Firekeeper Coaching is named after the transformative inner force that calls you to do the thing you feel you must do, even when it’s hard and scary.

The fire is the energy in each of us that says, “This is who I am. This is how I want to feel. This is how I want to live. This is how I want to leave my mark on the world. And this is how things need to change for it to happen.” Listening to the fire is a lifelong practice that transforms us from the inside out.

What does the fire sound like?

The fire usually speaks loudest to us through our pain and discomfort (a push). Thankfully, it is often paired with hope for a better way (a pull). The discomfort says to us, I’m sick of feeling and doing things this way. My work. My insecurities. Stress. Feeling small. Feeling disorganized. Feeling directionless. The old habits of relationships. Feeling depleted. Micro-managing. Being lonely. Feeling scared. Being angry. Fearing regret. On the other side is the call of hope. Things could be better. I want to be and do what I love. It is possible. But this requires a leap, and a leap means risk.

Even when a change is positive, it still requires a risk. Any change, any upsetting of the status quo, means leaving something behind to inhabit a new form of self. In psychology, the theory of positive disintegration that holds that for any kind of change, things have to break apart first, and this is a hard but good. What we leave behind are often old ways of relating, doing and thinking about the world and ourselves. Old habits and rules that no longer serve us are replaced with those that do. With this, however, come the risks of growth: What will people think? What if I fail? How will this change my relationships? Will I be criticized? Alone? Embarrassed?

It might seem safer to push back on change, and we often do. There comes a time however, when the fire forces us to take a leap...

The mindset of the fire:

When we make any kind of change, when we break apart, we’re vulnerable. Being in a Fire Mindset requires rooted determination, radical openness and gentle self-compassion. Do not set out on an adventure without all three of these. The determination grounds us in our inner direction and motivation.
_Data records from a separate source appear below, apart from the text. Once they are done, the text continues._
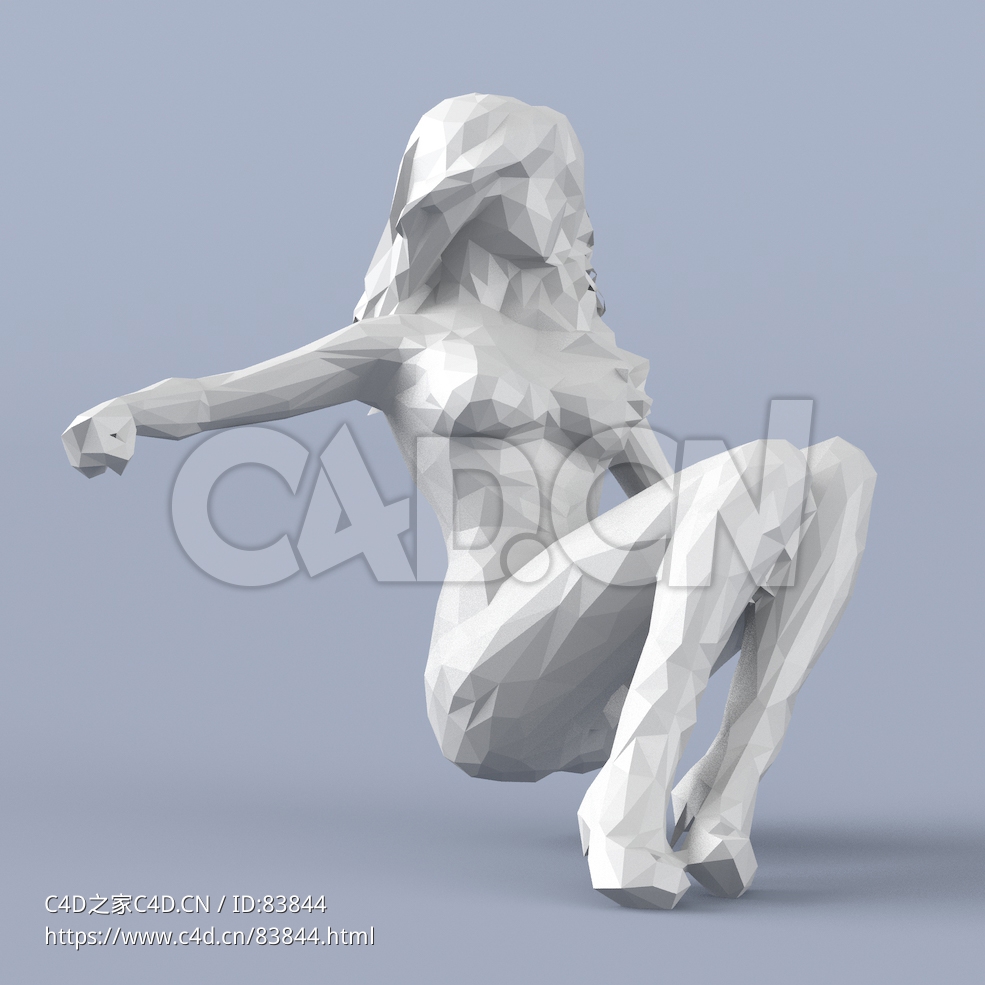 低面多边形卡通人物蹲地上的女人模型 - C4D之家 - 148.jpg
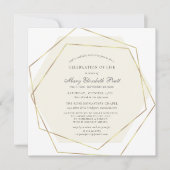 Viering van het Funeral Gold Geometric Lijst Kaart (Voorkant)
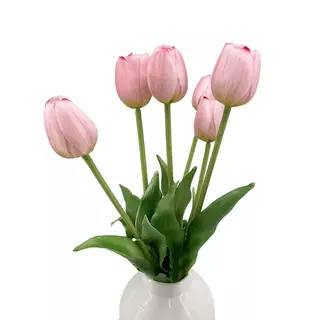 Élethű szálas gumi tulipán  - Rózsaszín
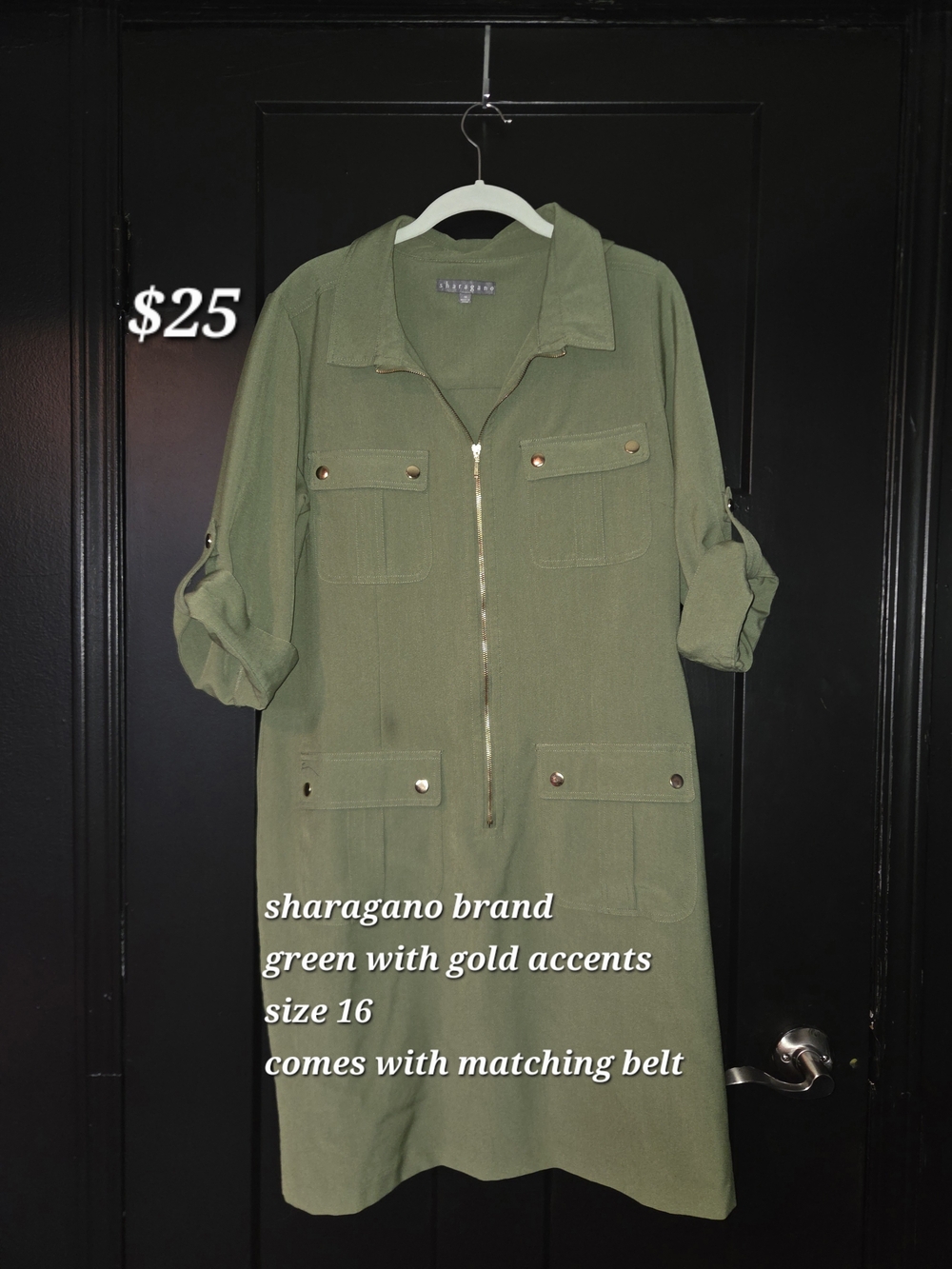 Sharagano Green Utility Jacket with Gold Hardware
The openness allows for new ways of being, unexpected possibilities and outcomes we never could have planned or imagined. The self-compassion acknowledges that life is not easy and we must be gentle with ourselves in order to learn as we go. Paradoxically, self-compassion gives us the critical strength to persevere. 

What is your fire telling you today?

As we go about our days, the fire is always speaking to us. What do you yearn for? What are you tired of? What do you love? How do you want to feel? When we listen, the fire will light the way.

Cheers to your fire.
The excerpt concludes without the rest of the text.